## PROBLEM
Write out, word for word, the part of the listing below that opens with the line containing "Vertu Ascent Ferrari" and closes with the line containing "Chevrolet Malibu 2013", keeping both of those lines and adding no others.

## SUPPLIED RECORDS

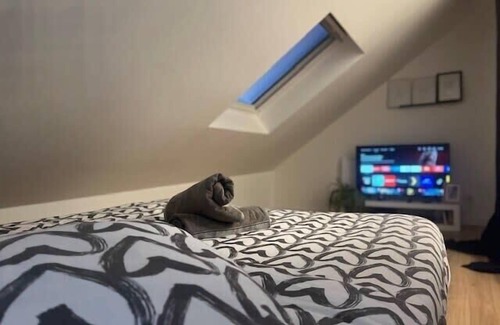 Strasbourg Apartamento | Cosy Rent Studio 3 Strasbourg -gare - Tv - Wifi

--

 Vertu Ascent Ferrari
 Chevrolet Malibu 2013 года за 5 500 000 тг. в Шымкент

## PROBLEM SOLUTION
 Vertu Ascent Ferrari
 Chevrolet Malibu 2013 года за 5 500 000 тг. в Шымкент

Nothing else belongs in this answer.